# Nigerians on Craigslist, would you buy them?



## GotmygoatMTJ (Apr 25, 2009)

http://knoxville.craigslist.org/grd/2218145507.html

Would you buy them?


----------



## SkyesRanch (Nov 11, 2010)

Well before I buy any goat I request for the usual, udder pictures and pedigree. And from just the ad you have neither of that information. I NEVER buy an adult doe without seeing her udder and better yet, pictures of her dam's udder and her sire's dam's udder, maybe sister's udder? But You definitely want pedigree information.
Really it all depends on what your breeding goals are. Pets, milkers, show? But based on the information you have and being completely unbiased when it comes to color, I can't give you a yes or no.  Although I must admit I am a sucker for black and white does. Especially ones that have the color on their face but white overlaps the bridge of their nose. It is a strange attraction but I love it.
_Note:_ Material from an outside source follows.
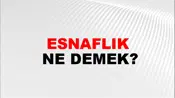 Esnaflık
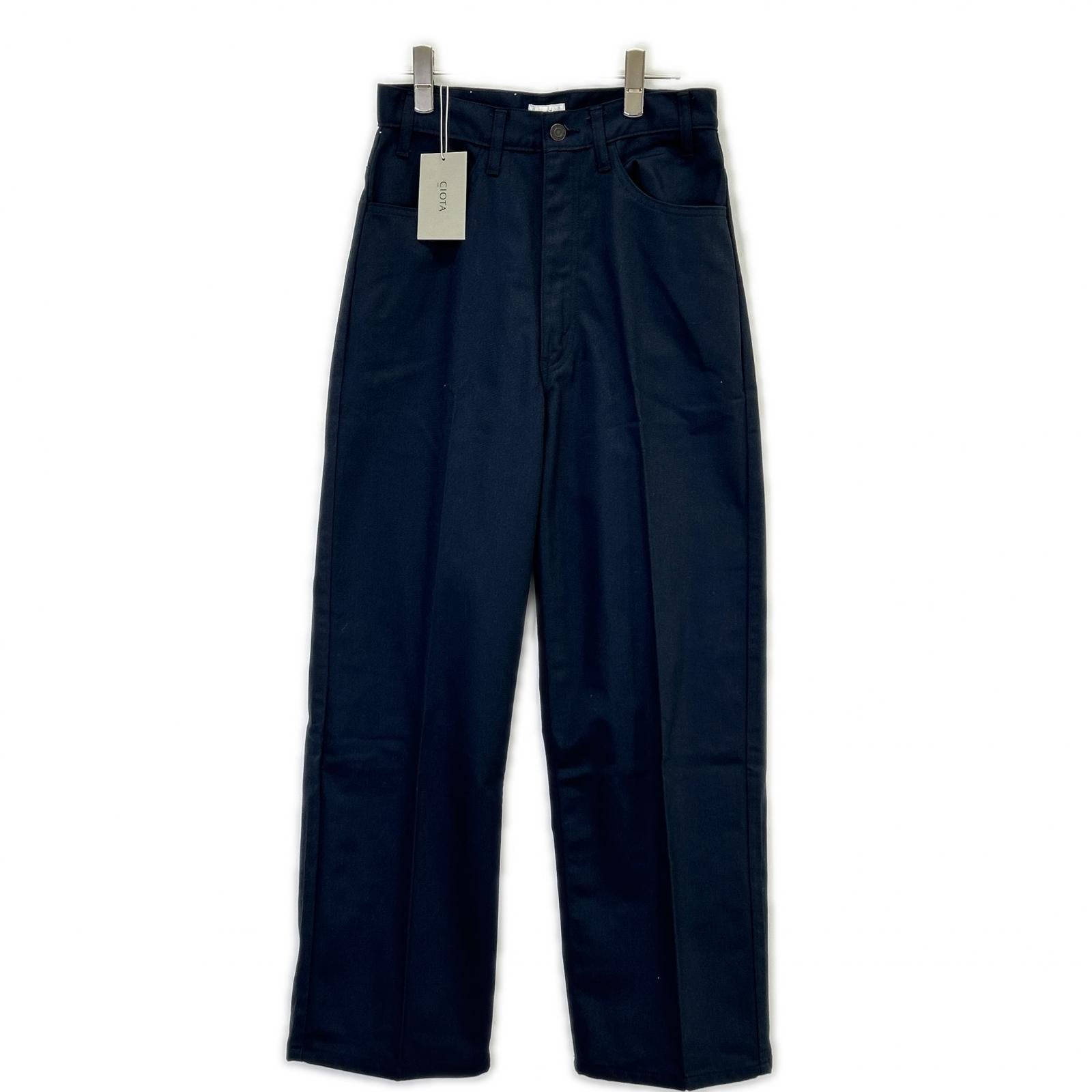 CIOTA シオタ PTLM-164 ネイビー Twill 4 Pocket Pants Baggy ボトムス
LOL If she has good animals backing her up I say go for it!


----------



## StaceyRosado (Oct 5, 2007)

beings she never reg the kids that means a hassle for you to do so. It means you will need to transfer the mom into HER name and then register a herd name for her and then register the kids and then transfer to you. 

Much more money in the end. 

I wouldnt purchase them unless there is a herd name in her name.


----------



## KW Farms (Jun 21, 2008)

It depends on what you want. What are your goals for your herd...will they benefit your herd?


----------



## GotmygoatMTJ (Apr 25, 2009)

All of the above is true. We are going to be focusing on milk production soon, and without a pedigree to show, I'd suspect that they are probably from pet lines. I just would like them, I love pets xDD and blue eyes are just icing on the cake.

Thank you guys for your inputs! We probably wont be getting them anytime soon  Their about 500 dollars too much for us anyways! D:


----------